One name that I noticed appears again and again in relation to the cannabis plant “curing” cancer is Rick Simpson. He claims on his Facebook page that he “rediscovered a proper way of using oils produced from cannabis indica (dominant) strains for the treatment of thousands of health conditions including cancer.” He’s the author of an instructional book on the topic titled ‘Phoenix Tears – The Rick Simpson Story’ and has been wildly been accused of being a fraudster and a scammer.

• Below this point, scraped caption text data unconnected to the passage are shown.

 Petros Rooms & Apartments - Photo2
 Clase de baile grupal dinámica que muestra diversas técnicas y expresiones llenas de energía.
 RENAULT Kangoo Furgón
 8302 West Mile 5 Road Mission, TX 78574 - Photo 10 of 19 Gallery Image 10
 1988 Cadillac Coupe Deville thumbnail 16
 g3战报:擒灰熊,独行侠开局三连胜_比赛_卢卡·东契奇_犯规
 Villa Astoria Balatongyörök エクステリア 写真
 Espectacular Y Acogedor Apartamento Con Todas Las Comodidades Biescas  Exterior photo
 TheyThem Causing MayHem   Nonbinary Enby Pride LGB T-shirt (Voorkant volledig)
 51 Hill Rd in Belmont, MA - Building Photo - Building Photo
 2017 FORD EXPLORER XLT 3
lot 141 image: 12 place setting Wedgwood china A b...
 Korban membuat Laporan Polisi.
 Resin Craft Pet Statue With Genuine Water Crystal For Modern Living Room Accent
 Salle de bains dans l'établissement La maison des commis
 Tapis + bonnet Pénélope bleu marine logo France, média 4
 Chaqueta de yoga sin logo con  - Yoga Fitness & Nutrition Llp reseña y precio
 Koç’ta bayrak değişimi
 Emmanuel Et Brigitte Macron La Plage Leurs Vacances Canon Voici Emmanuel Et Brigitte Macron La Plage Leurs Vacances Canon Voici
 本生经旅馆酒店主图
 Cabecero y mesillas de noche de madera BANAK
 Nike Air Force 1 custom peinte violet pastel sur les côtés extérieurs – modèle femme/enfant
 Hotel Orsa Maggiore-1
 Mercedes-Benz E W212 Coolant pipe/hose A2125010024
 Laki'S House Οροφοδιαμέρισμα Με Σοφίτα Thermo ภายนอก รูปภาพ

“Whenever I asked Rick Simpson to write about his work, or engaged other journalists and writers to write about Rick Simpson, and finally when I tried to do it myself, Simpson never co-operated,” highly revered Canadian activist Marc ‘Prince of Pot’ Emery wrote in Cannabis Culture magazine. “I could never get actual names and phone numbers of patients who were allegedly ‘cured’,” he said. “I could never interview any patients. I could never get the formula used, or the strain, or anything specific whatsoever. That is why no journalist has been able to write about Simpson, he is unverifiable, in his claims, his patients, his documentation, everything, really.”
So I reached out to Rick’s team who were very accommodating and we agreed that I could do a 20-minute interview with him the following day. However, the next day it was cancelled due to a sudden insistence that Rick would be sent the article prior to publication and have the final say over the content.
If you do go down the route of obtaining or learning how to make oil from an underground or internet source I suppose looking at who they are, and ultimately what their motives are for the supplying of the product or information, could prove very beneficial. If those motives are purely profit-driven I would run away faster than Usain Bolt being chased by a segway.
Making your own oil with plants you grew yourself, or getting someone you trust to grow it for you, would be a more sensible idea than buying it online – unless you’re using Tor Browser to access reputable, peer rated outlets on the deep web. But even then, getting the correct cannabinoid ratio for your personal needs could prove difficult.